__INFORMATION SUPPLIED__.
▶

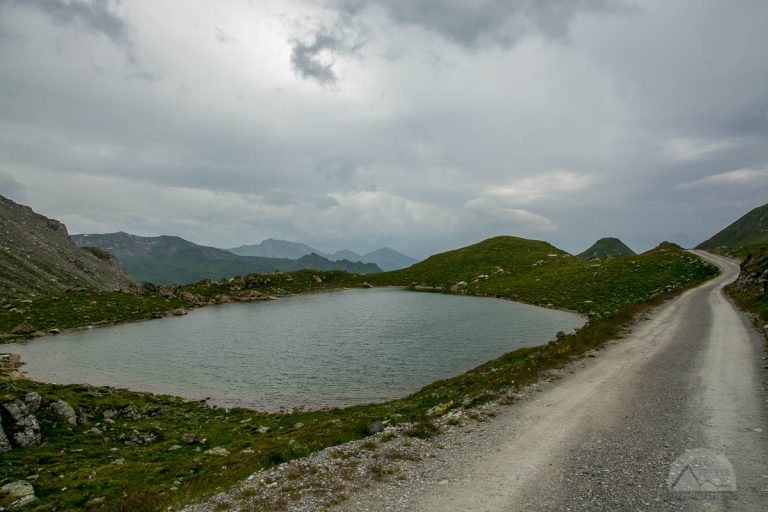 Auf dem Traumpfad von München nach Venedig - Tag 9 - Glungezerhütte zur Lizumerhütte 63 Klammsee Lizum-Walchen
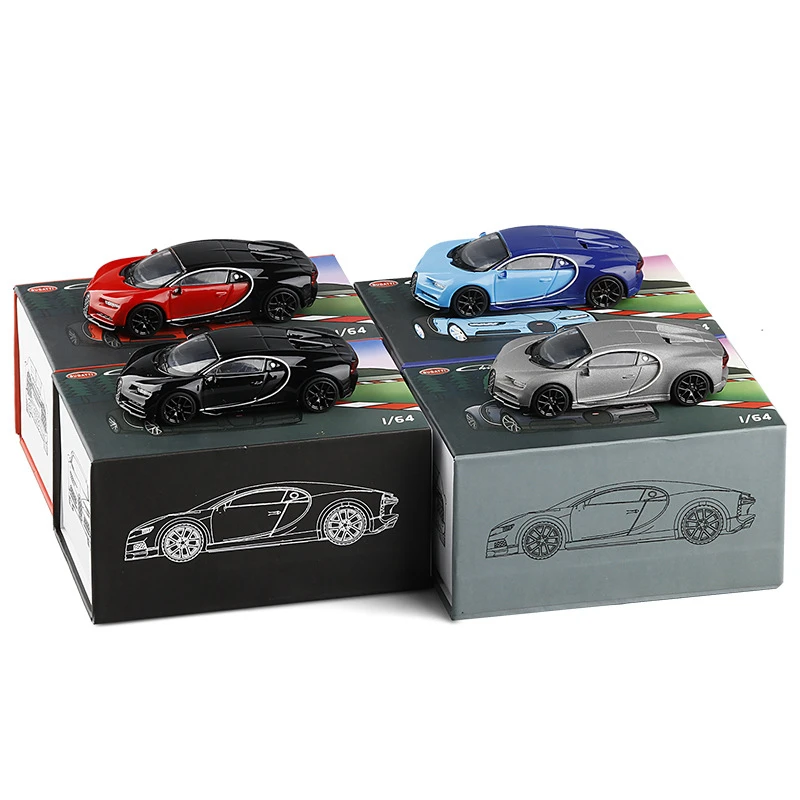 

JKM JackieKim 1:64 Bugatti chiron Diecast Model Car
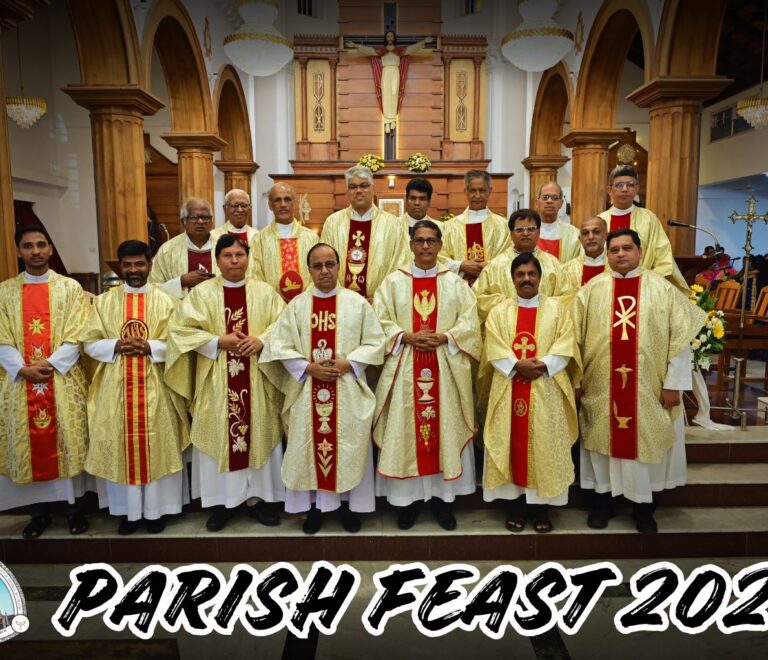 Parish Feast Joyfully Celebrated at Valencia Church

◀

In your copy, include no pictures; print every line above exactly.

 Auf dem Traumpfad von München nach Venedig - Tag 9 - Glungezerhütte zur Lizumerhütte 63 Klammsee Lizum-Walchen

JKM JackieKim 1:64 Bugatti chiron Diecast Model Car
 Parish Feast Joyfully Celebrated at Valencia Church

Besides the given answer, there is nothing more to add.